Time to rant

Discussion in 'Fibromyalgia Main Forum' started by SherylS, Apr 24, 2012.

  1. SherylS

    SherylS Member

    I am sorry, but some days I just get so fed up and p****d off!!! Here we are, trying to do every possible thing we can think of to have some kind of a life---eliminating foods, eating healthy, taking supplements, spending all our time researching and trying to find doctors that actually know something. And no matter what we do, we still seem to be in the same place---can't work,can't go out and have a good time doing the things we love, house-bound or maybe even bed bound. And everywhere I look, I see people who should be unhealthy---many pounds overweight, eating a diet of fast food and sodas. And yet, there they are, doing all the things I can't!!!
    Ok, everyone knows life isn't fair, but COME ON!!!
    [This Message was Edited on 04/24/2012]
  2. mbofov

    mbofov Active Member

    You're absolutely right, it ain't fair! But c'est la vie -

    The only good thing is that if/when we regain our health we are going to be the healthiest people around! Eating right, taking supplements etc. for years is bound to pay off. I recently had some heart tests and my heart and arteries are in very good shape, no plaque or anything, despite no exercise for almost 14 years due to CFS crashing, and I know this is because my diet is so *&% good, mainly to maintain my weight since I can't exercise.

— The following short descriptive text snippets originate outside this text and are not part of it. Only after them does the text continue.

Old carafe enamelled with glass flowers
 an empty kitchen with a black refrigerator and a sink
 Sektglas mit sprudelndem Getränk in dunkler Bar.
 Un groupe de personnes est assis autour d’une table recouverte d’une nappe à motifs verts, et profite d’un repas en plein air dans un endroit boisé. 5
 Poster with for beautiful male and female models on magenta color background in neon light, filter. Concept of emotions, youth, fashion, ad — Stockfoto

    And those people eating crap etc. will pay a price down the road.

    Now if only I could do something with this healthy heart of mine! :) something I used to love, hiking, swimming - I'd almost kill to be able to swim again ....

    Take care -

  3. rosemarie

    rosemarie Member

    Our daily struggle with fibro is hard on each of us in our own ways. I to rant and rave because no one gets it or understands why I take my pain meds.
    I also see how blessed we are to live in this day and age. Less than 20 yrs ago even 10 yrs ago we were blown off as your depressed, overweight, it's this or that or it is all in your mind.

    Then I read what GB66 wrote and my heart breaks for her and her sister and family. How hard that must have been for you to go thru. I know so many other people who are in far worse shape than I am and yet it is human nature to want our own lives to be better with out pain , sadness's, illness's. We have no control over our lives health wise , we have the genes that our parents gave us and some of those genes are not good ones. I am one who has not only early heart disease, breast cancer, other types of cancer. And I sit and whine about how rotten I feel, when my life could be much worse.

    I have gone thru my share of trails and pains in life. I lost my dad just 9 days before I turned 13 yrs old. My grandma passed away a year later, my FIL had an dx'ed condition that made his life hell, my BIL died of the same thing his father did. I was so blessed to have such a wonderful FIL who loved me and I still think of him as my Dad. Now I have lost all my grandparents, both MIL and FIL, Grandparents in law and BIL. I am watching my mom get weaker daily. I see her struggle each day just to eat swollow any thing, those muscles don't work any more, Her vision is bad and her hearing is bad, she can't remember so many things I thought she would never forget but she has. It really upsets her that she can't remember what she wanted to say in the middle of a converstion.

    Sorry I don't mean to go on about all the illness's in my family it is not a pity party for me please don't take it that way. I wrote this because I have to stop and remind my self that my life could be so much worse. I have my issues and fight with them daily. I get told alot . "Mom did you hear that Disability will be gone by 2015? But that still gives you time to get off ALL YOUR PAIN meds". What do I say to that? I hope that it does not happen as I will be up a creek with out a paddle, But as I have heard so often "Don't worry about the things you can't change" Accpet and deal with the ones you can change.

    So as I look forward I have to try daily to have a postive attitude about this DD and it's efects on me. I remember when I was a child my best friends mother had to have her ankle fused due to having had polio as a child. How sad was that? We still need to keep up on all immuneizations {sorry about the spelling} so that we don't pass these nasty diease's on to a future generation.

    I do have a question for everyone , does any one know if medicare will pay for any immunaztions such as whooping cough I need to have a booster. We have had an out break of it in a town that is less than 5 miles away from where I live. Also we have had some signs of TB in Utah. So all the disease's we once thought were long gone are not.

    Sorry about all the preaching, I don't mean to do that. I want you all to know how blessed I am to live at this point in time where I have been blessed with three beautiful daughters and 7 grandkids and still have my mom with me and a great hubby. This DD gets to all of us at one time or another so take it minute by minute at a time. I do that daily.
    Thanks for all of you who read my posts and don'ttell me to stop whining.